Re: [PATCH v12 15/22] gpu: nova-core: Hopper/Blackwell: add FSP message infrastructure

All of lore.kernel.org
 help / color / mirror / Atom feed

From: sashiko-bot@kernel.org
To: "Danilo Krummrich" <dakr@kernel.org>,
	"Alexandre Courbot" <acourbot@nvidia.com>,
	"John Hubbard" <jhubbard@nvidia.com>
Cc: "Simona Vetter" <simona@ffwll.ch>,
	"Benno Lossin" <lossin@kernel.org>,
	"Bjorn Helgaas" <bhelgaas@google.com>,
	"Trevor Gross" <tmgross@umich.edu>,
	"Eliot Courtney" <ecourtney@nvidia.com>,
	"Björn Roy Baron" <bjorn3_gh@protonmail.com>,
	"Timur Tabi" <ttabi@nvidia.com>,
	"Shashank Sharma" <shashanks@nvidia.com>,
	"Zhi Wang" <zhiw@nvidia.com>, "Boqun Feng" <boqun.feng@gmail.com>,
	"Alistair Popple" <apopple@nvidia.com>,
	"Gary Guo" <gary@garyguo.net>,
	"Andreas Hindborg" <a.hindborg@kernel.org>,
	"Alex Gaynor" <alex.gaynor@gmail.com>,
	"Alice Ryhl" <aliceryhl@google.com>,
	"Alexandre Courbot" <acourbot@nvidia.com>,
	"Miguel Ojeda" <ojeda@kernel.org>,
	"David Airlie" <airlied@gmail.com>,
	nova-gpu@lists.linux.dev, LKML <linux-kernel@vger.kernel.org>,
	"John Hubbard" <jhubbard@nvidia.com>,
	"Danilo Krummrich" <dakr@kernel.org>
Subject: Re: [PATCH v12 15/22] gpu: nova-core: Hopper/Blackwell: add FSP message infrastructure
Date: Tue, 02 Jun 2026 03:33:57 +0000	[thread overview]
Message-ID: <20260602033358.5F2B71F00893@smtp.kernel.org> (raw)
In-Reply-To: <20260602032111.224790-16-jhubbard@nvidia.com>

Thank you for your contribution! Sashiko AI review found 3 potential issue(s) to consider:
- [High] Race condition due to incorrect order of writing queue pointers in `send_msg`.
- [High] Silent failure when sending a 4-byte message.
- [High] Unchecked integer addition in `poll_msgq` can cause a kernel panic on untrusted MMIO reads.
--

commit 8a59b49984011320aa631b20a05550242e2baef2
Author: John Hubbard <jhubbard@nvidia.com>

gpu: nova-core: Hopper/Blackwell: add FSP message infrastructure

This commit adds the foundation security processor (FSP) message
infrastructure for the nova-core GPU driver. It implements queue
registers and low-level helpers to communicate with the FSP falcon's EMEM.
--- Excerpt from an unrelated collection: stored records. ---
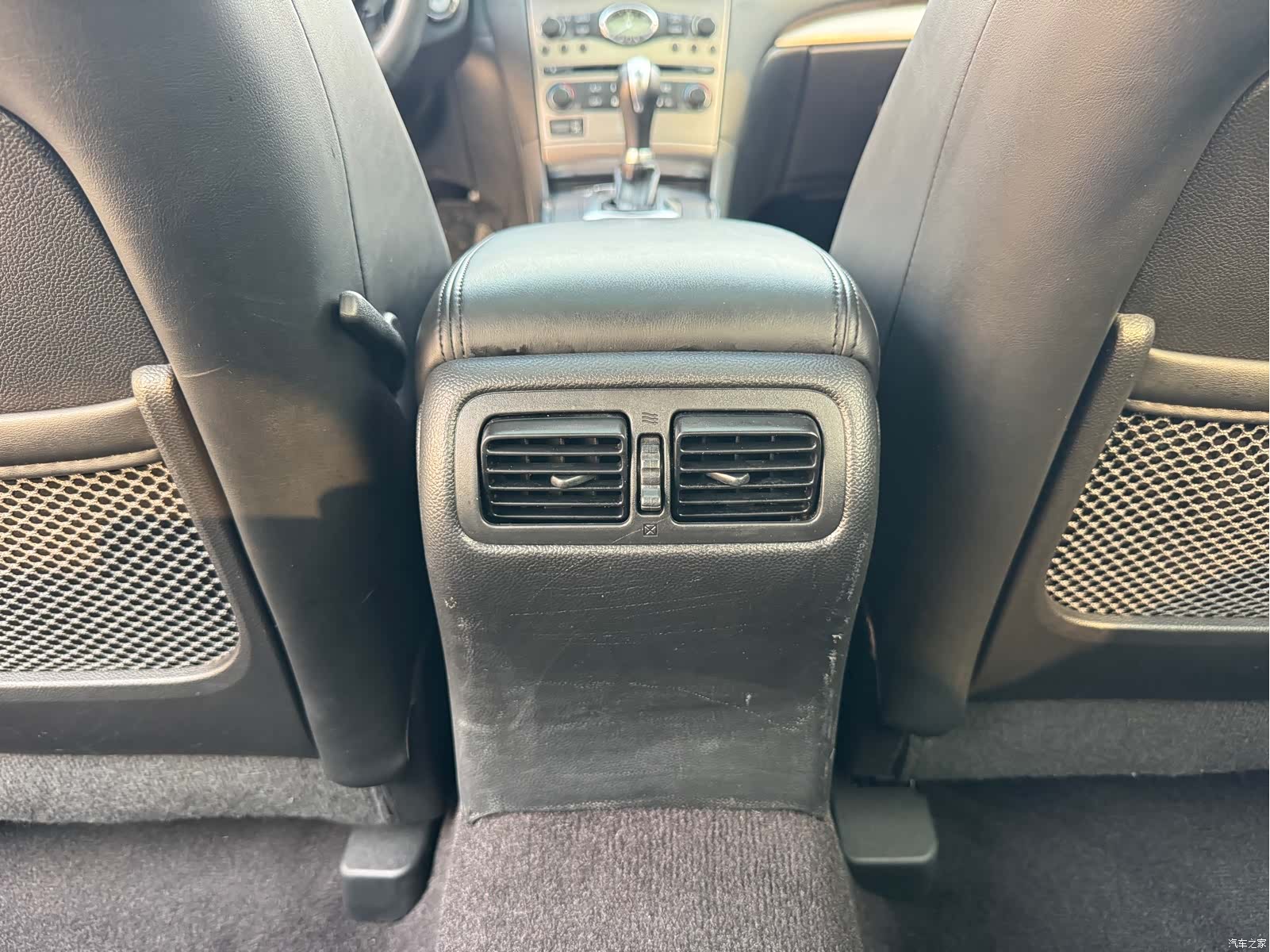 Infiniti G25, 2014 11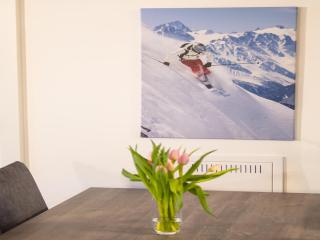 Apartment in Fieberbrunn with sauna - Fieberbrunn - 1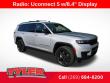 Certified 2023 Jeep Grand Cherokee L Altitude SUV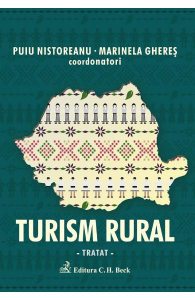 Turism rural - tratat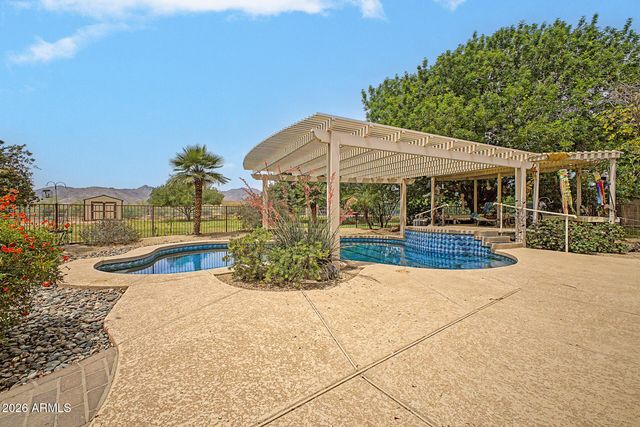 6728 N 186th Avenue, Waddell, AZ 85355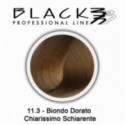 Boje BLACK 11.3 - Biondo Dorato  Chiarissimo Schiarente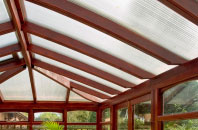Grendon Common conservatory roofing insulation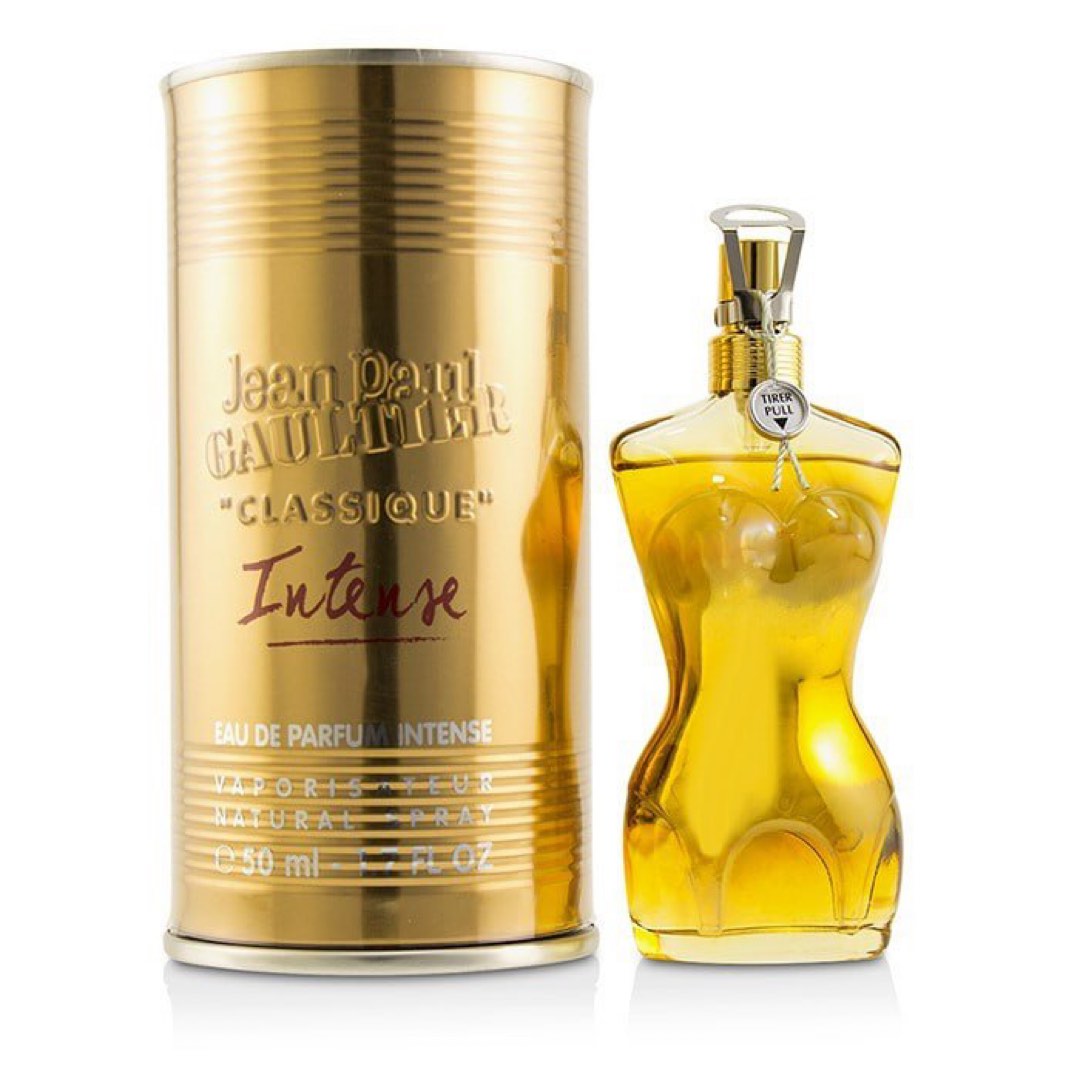 Gaultier parfum hotsell classique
> diff --git a/drivers/gpu/nova-core/falcon/fsp.rs b/drivers/gpu/nova-core/falcon/fsp.rs
> index 6b057d958115a..0ec1c55213bc8 100644
> --- a/drivers/gpu/nova-core/falcon/fsp.rs
> +++ b/drivers/gpu/nova-core/falcon/fsp.rs
[ ... ]
> @@ -145,4 +143,63 @@ fn read_emem(&mut self, bar: &Bar0, offset: u32, data: &mut [u8]) -> Result {
>  
>          Ok(())
>      }
> +
> +    /// Poll FSP for incoming data.
> +    ///
> +    /// Returns the size of available data in bytes, or 0 if no data is available.
> +    ///
> +    /// The FSP message queue is not circular. Pointers are reset to 0 after each
> +    /// message exchange, so `tail >= head` is always true when data is present.
> +    #[expect(dead_code)]
> +    pub(crate) fn poll_msgq(&self, bar: &Bar0) -> u32 {
> +        let head = bar.read(regs::NV_PFSP_MSGQ_HEAD).address();
> +        let tail = bar.read(regs::NV_PFSP_MSGQ_TAIL).address();
> +
> +        if head == tail {
> +            return 0;
> +        }
> +
> +        // TAIL points at last DWORD written, so add 4 to get total size
> +        tail.saturating_sub(head) + 4
           ^^^^^^^^^^^^^^^^^^^^^^^^^^^^^

[Severity: High]
Can this unchecked addition panic if we encounter a PCIe link failure?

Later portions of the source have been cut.